═══ STORED DATA ═══

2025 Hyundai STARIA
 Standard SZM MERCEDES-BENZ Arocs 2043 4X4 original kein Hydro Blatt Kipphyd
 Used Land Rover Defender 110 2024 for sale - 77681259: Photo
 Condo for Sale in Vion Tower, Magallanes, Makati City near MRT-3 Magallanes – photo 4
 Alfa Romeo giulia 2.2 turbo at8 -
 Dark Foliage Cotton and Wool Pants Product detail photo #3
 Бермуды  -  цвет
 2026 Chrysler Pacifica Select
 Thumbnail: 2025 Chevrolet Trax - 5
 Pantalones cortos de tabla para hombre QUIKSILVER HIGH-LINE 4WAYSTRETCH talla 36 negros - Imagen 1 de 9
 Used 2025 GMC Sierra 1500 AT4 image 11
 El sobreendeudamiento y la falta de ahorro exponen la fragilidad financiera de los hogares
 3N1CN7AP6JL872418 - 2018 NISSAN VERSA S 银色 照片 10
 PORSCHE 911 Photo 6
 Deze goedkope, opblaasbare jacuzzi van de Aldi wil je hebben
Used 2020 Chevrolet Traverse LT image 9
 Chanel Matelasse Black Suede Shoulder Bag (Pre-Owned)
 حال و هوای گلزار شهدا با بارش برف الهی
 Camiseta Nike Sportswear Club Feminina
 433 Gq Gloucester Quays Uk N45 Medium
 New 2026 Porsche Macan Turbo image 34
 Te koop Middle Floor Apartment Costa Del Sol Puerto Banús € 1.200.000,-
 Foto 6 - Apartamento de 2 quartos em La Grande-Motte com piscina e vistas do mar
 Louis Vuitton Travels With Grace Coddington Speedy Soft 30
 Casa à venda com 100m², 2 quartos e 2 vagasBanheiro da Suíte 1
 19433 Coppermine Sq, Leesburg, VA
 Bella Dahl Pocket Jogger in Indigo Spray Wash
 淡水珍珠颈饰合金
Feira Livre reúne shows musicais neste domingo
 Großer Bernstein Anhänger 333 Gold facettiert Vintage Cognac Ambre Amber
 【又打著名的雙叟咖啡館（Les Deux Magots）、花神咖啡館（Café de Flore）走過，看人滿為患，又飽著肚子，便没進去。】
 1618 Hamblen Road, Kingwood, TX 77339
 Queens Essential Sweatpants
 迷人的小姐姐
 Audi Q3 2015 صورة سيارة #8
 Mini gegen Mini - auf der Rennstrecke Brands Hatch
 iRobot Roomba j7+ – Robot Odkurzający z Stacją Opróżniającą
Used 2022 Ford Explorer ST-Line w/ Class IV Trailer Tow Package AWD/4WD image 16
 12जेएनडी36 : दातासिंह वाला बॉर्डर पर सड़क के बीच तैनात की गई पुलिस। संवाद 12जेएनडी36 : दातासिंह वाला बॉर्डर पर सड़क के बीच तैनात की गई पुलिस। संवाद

═══

Your answer should consist of the lines from the line with "Pantalones cortos de" to the line with "Te koop Middle" above, repeated exactly, both ends included.

:: RESULT OF THIS TASK ::
 Pantalones cortos de tabla para hombre QUIKSILVER HIGH-LINE 4WAYSTRETCH talla 36 negros - Imagen 1 de 9
 Used 2025 GMC Sierra 1500 AT4 image 11
 El sobreendeudamiento y la falta de ahorro exponen la fragilidad financiera de los hogares
 3N1CN7AP6JL872418 - 2018 NISSAN VERSA S 银色 照片 10
 PORSCHE 911 Photo 6
 Deze goedkope, opblaasbare jacuzzi van de Aldi wil je hebben
Used 2020 Chevrolet Traverse LT image 9
 Chanel Matelasse Black Suede Shoulder Bag (Pre-Owned)
 حال و هوای گلزار شهدا با بارش برف الهی
 Camiseta Nike Sportswear Club Feminina
 433 Gq Gloucester Quays Uk N45 Medium
 New 2026 Porsche Macan Turbo image 34
 Te koop Middle Floor Apartment Costa Del Sol Puerto Banús € 1.200.000,-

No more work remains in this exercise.